# HAuNTcon 2010



## Spookineer

Anyone else going? http://hauntcon.com/


----------



## Evil Andrew

I'm Going - just booked my room at the Ramada


----------



## asterix0

I registered today.


----------



## operatingnurse

Could anyone tell me how this compares with Transworld or Midwest Haunter's Convention?


----------



## The Watcher

Me and Mama will be there.


----------



## Hauntiholik

operatingnurse said:


> Could anyone tell me how this compares with Transworld or Midwest Haunter's Convention?


Hauntcon : 


> Designed by Haunters, for Haunters of every age and level of experience, HAuNTcon brings people together who love Haunted Houses and Halloween for a fun filled three days and nights of Haunter Education, Tours of Local Haunted Houses, a packed Tradeshow Floor, Hearse Show and an incredible Costume Ball!


TransWorld's Annual Halloween & Attractions Show :


> The Annual Halloween & Attractions Show continues its tradition of creating a unique business environment designed to allow buyers to meet face-to-face with exhibitors.

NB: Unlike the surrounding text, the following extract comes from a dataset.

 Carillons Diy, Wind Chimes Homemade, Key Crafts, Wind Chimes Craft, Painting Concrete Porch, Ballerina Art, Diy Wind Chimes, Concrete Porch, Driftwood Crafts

Our exhibitors bring all the newest products and classic designs, providing buyers with a one-stop shopping experience. With thousands of products in hundreds of categories, buyers will find everything they need to stock their businesses and make their time at the show a success.


TransWorld's International Halloween, Costume & Party Show : 
http://hcpshow.com/
Another show that features costumes and party stuff. It used to be part of the Halloween & Attractions Show but it split off last year.

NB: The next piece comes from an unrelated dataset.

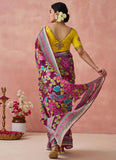 Rose Pink Organza Printed Woven Worked Designer Saree - women's fashion mart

Midwest Haunters Convention : 


> The Midwest Haunters Convention is for Haunted Attraction Producers, Actors, Artists and Home Haunters. Our goal is to provide educational seminars and workshops with experienced presenters, a 75+ vendor tradeshow with the latest in haunt offerings, and a place to network with others in the industry during our unique social activities. We'll offer 1st class haunted attraction bus tours, costume parties and contests (the Bloody Mary Monster Makeup Wars competition, Ms Midwest Scary Pageant & the IAHA Scariest Character Contest). "Haunters" are always welcome here!


----------



## Spookineer

The Watcher said:


> Me and Mama will be there.


Cool! See you there!


----------



## Palehorse

*fired up!*

I went to the MHC last year and was blown away. When I found out that Hauntcon was in my stomping ground I was excited to say the least. I will be there everyday and also hitting the MHC again this year. Gotta get better, gotta learn more gotta......SCARE MORE!


----------



## The Watcher

*HauntCon 2010*

Well we are heading out tomorrow night early to Saturday mourning. I am so excited. Leather face will be there to sign autos Saturday and Sunday, 3D projection Classes, the air chair simulator, tour at Universal and Busch Gardens and get to spend some times with the Florida Haunters. Yep really excited. Saturday Night I will be in my Nemesis Costume. Hope to see you guys there.


----------



## Ghostess

*sigh* I wish I was going, especially with it being so close.


----------



## Frighteners Entertainment

Youy should D...no excuses and it will be sometime before you'll have a chance of it being so close.


Ghostess said:


> *sigh* I wish I was going, especially with it being so close.


----------



## Ghostess

Bah... going requires money, which I have a _negative_ amount of these days.


----------



## Spookineer

We're here! Arrived late yesterday in time to catch the LED seminar and meet up with Watcher and wife Becky who introduced us to Cylonfrogqueen and hubby Hamm. Looking forward to a full day of seminars today. Let the playtime begin...


----------